6. Practice mindful tasting, seeing, and smelling. Focusing on the specifics of something you see, eat, or smell helps children strengthen critical neural pathways and learn to concentrate more effectively, according to tips from The Hawn Foundation. Education specialist Rebecca Fishman Lipsey suggests having a mindful tasting experience: “Encourage your kids to select a food item, look at it, smell it, imagine what it might taste like, hold it between their teeth, place it on the tongue, and eventually savor the food.” This builds kids’ language and descriptive skills, as well as focused attention and mindful behavior.
7. Sing it out. Singing stimulates the vagus nerve at the back of the throat which relaxes the body, according to Kristen Brown, founder of Happy Hour Effect, in a television news interview about five fun ways to de-stress your kids. Her other ideas for reducing stress: Dancing, drawing, and laughing.
8. Give them “vitamin G.” Children who spend more time in green spaces have lower stress levels, according to tips from The Hawn Foundation. Outdoor experiences promote cognitive development and are often linked to heightened imagination, curiosity, and a sense of wonder. Go on a nature walk together and smell the grass, listen to the birds, and collect leaves.
9. Teach them how to visualize their emotions—and let the bad ones go. Giving kids something to do with distressing feelings can help them manage those feelings, says Beth Block, a marriage and family therapist in Austin, Texas, in a RealSimple.com article. Have kids imagine filling bubbles—real or pretend—with negative feelings and watch them float away.

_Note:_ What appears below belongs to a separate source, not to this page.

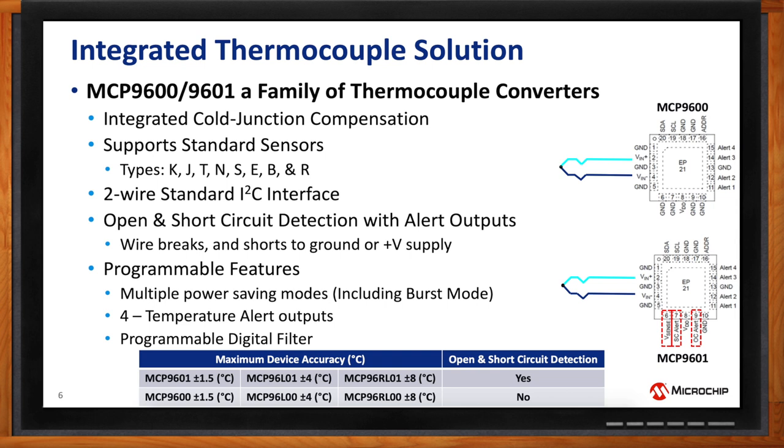The MCP9601 adds the open and short detection, which is the only difference between the two — otherwise they're both identical. The MCP9601 and 9600 are available in 1.5 degrees C accuracy. Just imagine you're at 1,000 degrees and able to measure temperature at 1.5 degrees C accuracy — it's outstanding. There's also a 4-degree accurate version, the MCP96L01, and a lower accuracy plus-or-minus 8 degrees C version, the MCP96RL01, for low-cost applications that do not require high accuracy.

10. Repeat soothing words. This is the kid version of a mantra that involves the calming repetition of certain special words, says RealSimple.com. Combine deep breathing with repeating the phrase “I am relaxed” aloud. Your child will eventually be able to do this exercise silently, so she can use it to feel calm anywhere and anytime.
11. Meditate with your child. A Handful of Quiet: Happiness in Four Pebbles presents a meditation practice perfect for children developed by Zen master and Nobel Peace prize nominee Thich Nhat Hanh. In the meditation technique, four pebbles representing a flower, a mountain, water, and space are used to introduce children to the practice of mediation and provide them with skills they can use any time they feel stressed. Read an explanation of the process on MyMeditativeMoments.com or watch a video at PlumVillage.org.